Exercise goal:
For each entry, return the text exactly and omit any image.

Extracted entries:
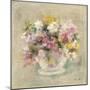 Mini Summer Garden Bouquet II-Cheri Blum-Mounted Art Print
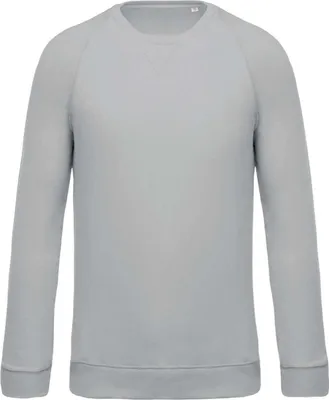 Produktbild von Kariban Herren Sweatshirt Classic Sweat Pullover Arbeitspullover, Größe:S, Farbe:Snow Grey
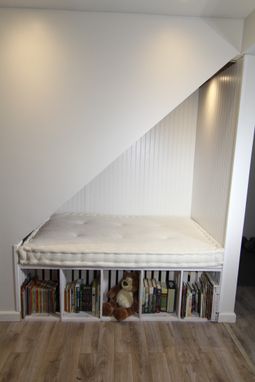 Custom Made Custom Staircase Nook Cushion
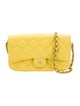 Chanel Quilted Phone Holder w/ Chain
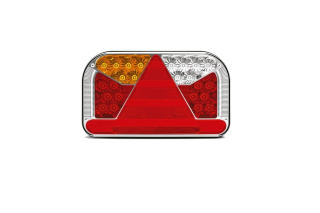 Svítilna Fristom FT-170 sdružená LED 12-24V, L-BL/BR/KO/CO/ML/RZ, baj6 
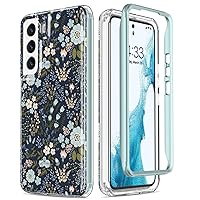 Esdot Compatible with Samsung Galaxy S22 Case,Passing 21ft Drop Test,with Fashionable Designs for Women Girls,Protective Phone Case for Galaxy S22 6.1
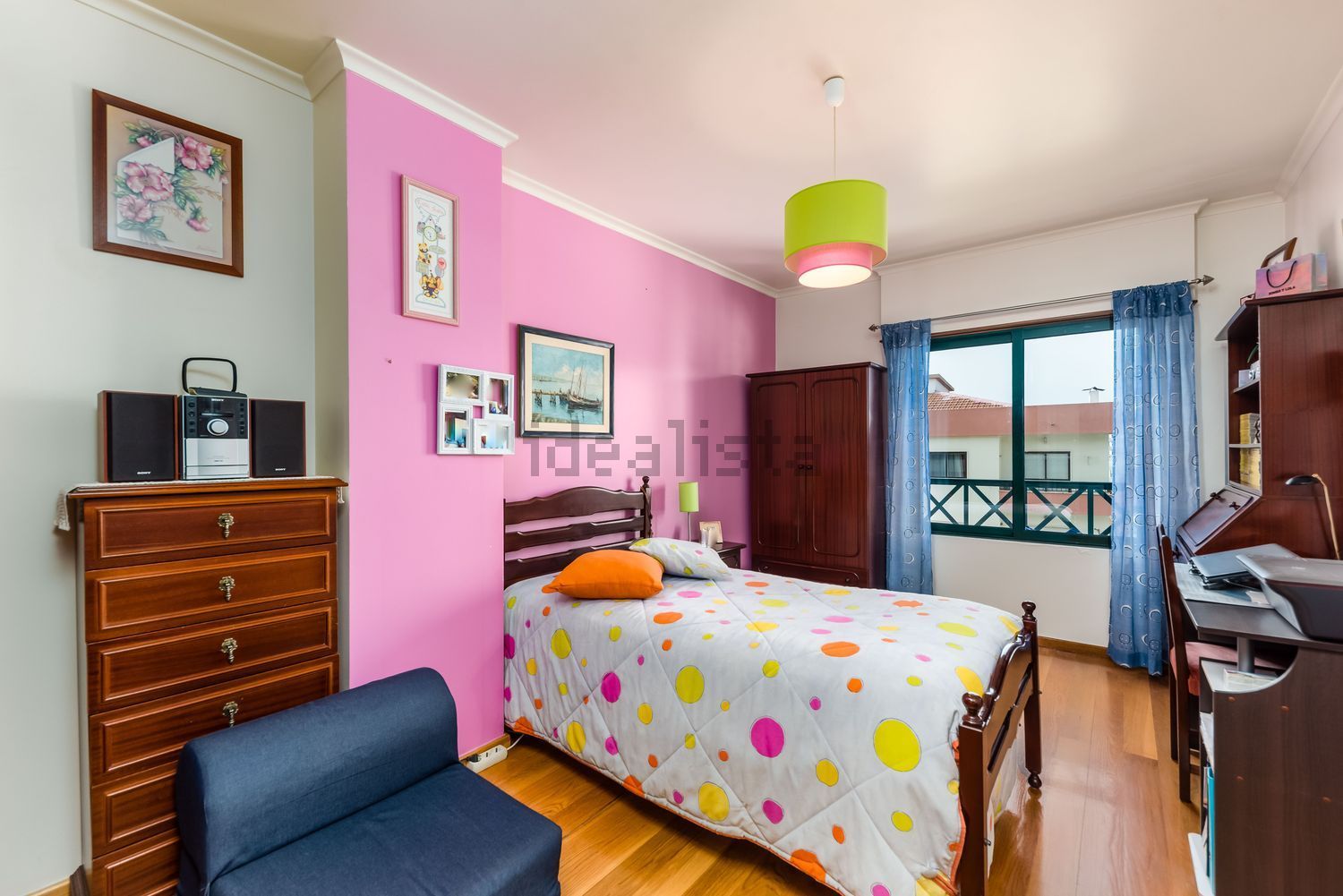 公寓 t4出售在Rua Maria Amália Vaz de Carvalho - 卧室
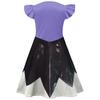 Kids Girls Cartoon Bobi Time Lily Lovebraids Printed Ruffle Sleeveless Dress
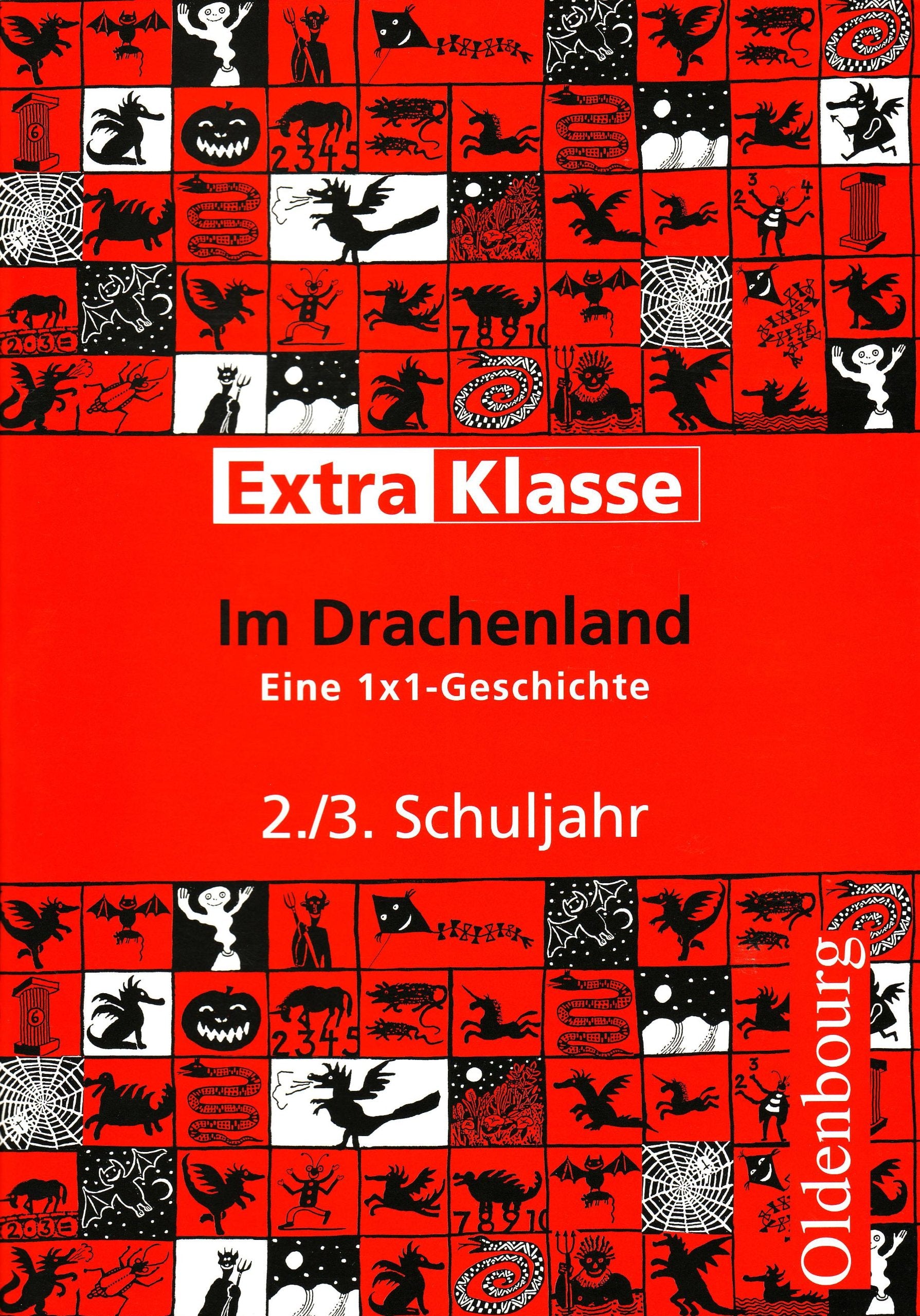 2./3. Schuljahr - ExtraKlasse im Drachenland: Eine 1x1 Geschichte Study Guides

Result below:
 Mini Summer Garden Bouquet II-Cheri Blum-Mounted Art Print
 Produktbild von Kariban Herren Sweatshirt Classic Sweat Pullover Arbeitspullover, Größe:S, Farbe:Snow Grey
 Custom Made Custom Staircase Nook Cushion
 Chanel Quilted Phone Holder w/ Chain
 Svítilna Fristom FT-170 sdružená LED 12-24V, L-BL/BR/KO/CO/ML/RZ, baj6 
 Esdot Compatible with Samsung Galaxy S22 Case,Passing 21ft Drop Test,with Fashionable Designs for Women Girls,Protective Phone Case for Galaxy S22 6.1
 公寓 t4出售在Rua Maria Amália Vaz de Carvalho - 卧室
 Kids Girls Cartoon Bobi Time Lily Lovebraids Printed Ruffle Sleeveless Dress
 2./3. Schuljahr - ExtraKlasse im Drachenland: Eine 1x1 Geschichte Study Guides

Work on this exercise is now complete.